La plupart des internautes ont salué le recours à la parodie – celle des témoignages d’anciens combattants – pour inciter les Allemands, particulièrement les plus jeunes, à réduire au minimum les contacts sociaux. Grâce des versions sous-titrées, les trois vidéos sont également devenues virales au-delà du monde germanique: «Le gouvernement allemand a de l’humour», s’extasient de nombreux internautes, tandis que d’autres trouvent de mauvais goût cette célébration de l’oisiveté comme un acte héroïque, de même que le parallèle tiré avec des souvenirs de guerre.

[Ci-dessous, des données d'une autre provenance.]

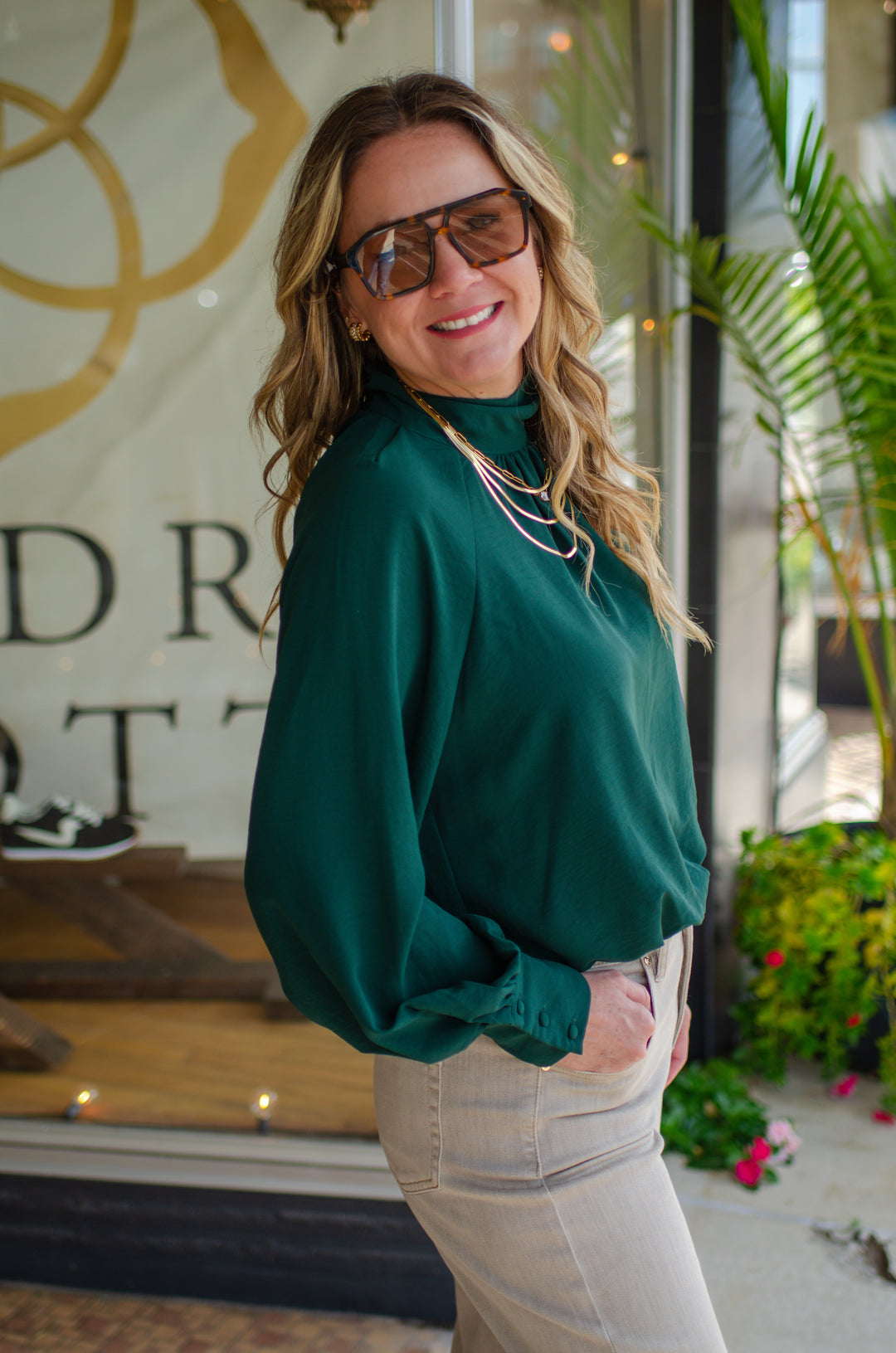 Take Your Time High Necklace Bubble Hem Long Sleeve in Emerald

Mais c’est le message, simple, que «le gouvernement allemand, comme tous les Etats touchés par la deuxième vague de contaminations au Covid-19, souhaite faire passer auprès de la jeunesse», précise Courrier international. «Alors que les restrictions sanitaires sont de plus en plus contestées en Europe, la Bundesregierung […] a décidé d’innover.» Les médias soulignent que les différentes critiques ont permis de faire parler de cette publicité. Le gouvernement a donc rempli sa mission, qu’on ait apprécié ou non l’esprit de la campagne, au point qu’elle a même suscité des parodies de la parodie.

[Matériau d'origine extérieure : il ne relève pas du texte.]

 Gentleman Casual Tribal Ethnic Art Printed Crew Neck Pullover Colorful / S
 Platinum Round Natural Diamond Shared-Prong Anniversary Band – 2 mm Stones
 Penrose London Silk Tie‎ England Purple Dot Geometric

Autrement dit: «Les flemmards d’aujourd’hui sont les héros de demain», comme le résume LeMatin.ch. Clairement du deuxième degré, s’il était encore besoin de le préciser. Ce qui n’empêche pas un de ses commentateurs d’écrire: «Je n’y vois, moi, que du premier degré. Des individus terrorisés, apathiques, affalés sur leur canapé à regarder hypnotiquement des séries infantilisantes en grignotant de la nourriture pathogène commandée en ligne.» Non, ce «ton humoristique […] tranche nettement avec les campagnes de prévention officielle françaises, plutôt anxiogènes», rétorque La Dépêche du Midi, qui mettent «notamment en scène des membres d’une famille faisant la fête et se retrouvant sur un lit en réanimation»:

Die Welt, pour sa part, se fait plutôt l’écho des critiques négatives. Certains se plaignent, par exemple, «du fait que la solitude, la violence domestique ou les angoisses existentielles ne jouent pas de rôle dans ces spots» ou prétendent que les vrais «héros», ce sont les membres du personnel de santé. La campagne a également suscité des réactions en dehors de l’Allemagne. Un journaliste du Financial Times, Henry Mance, a écrit sur Twitter: «Je peux supporter que la réponse allemande à la pandémie soit meilleure que la notre, mais je ne crois pas pouvoir supporter qu'elle soit plus drôle»:

C’est «parfaitement maladroit», renchérit le Redaktionsnetzwerk Deutschland, cette accumulation laudative d'«esprits serviles vendus à la restauration rapide, dans des appartements où il semble ne pas y avoir de tâches ou de travaux domestiques à effectuer, des appartements grands, calmes, bien chauffés. Bref, peu importent ces fêtes qui n’ont plus lieu, puisqu’on a Netflix, des pizzas et son égocentrisme à cultiver. Oui, c’est drôle, les gens aiment ça. Même les Britanniques, mais ils n’ont plus eu de quoi rire depuis longtemps, ce qui peut réduire leurs attentes.»

Tant de questions…

Alors les questions s’accumulent. Comment les parents stressés gèrent-ils l’école à domicile, comment supportent-ils le télétravail? «Qu’est-ce que les vrais héros sont censés penser de cela, ceux que plus personne n’applaudit depuis longtemps, les infirmières, les soignants? Et ceux qui ne sont pas là à flemmarder avec des nuggets de poulet sur leur table de salon, ceux qui doivent gérer les tensions familiales ou les violences? Qu’y a-t-il de drôle dans le fait que l’été est finalement raté, alors qu’il aurait dû rendre cet hiver plus supportable?»…

…Pourquoi le groupe cible devrait-il rire avec le gouvernement fédéral après que tous les politiciens ont insulté les jeunes irresponsables et les ont accusés d’être le principal problème de la deuxième vague?

Si, pour une fois, les étrangers trouvent en majorité que l’Allemagne fait preuve d’humour, il semblerait qu’il y ait tout de même un léger biais d’interprétation.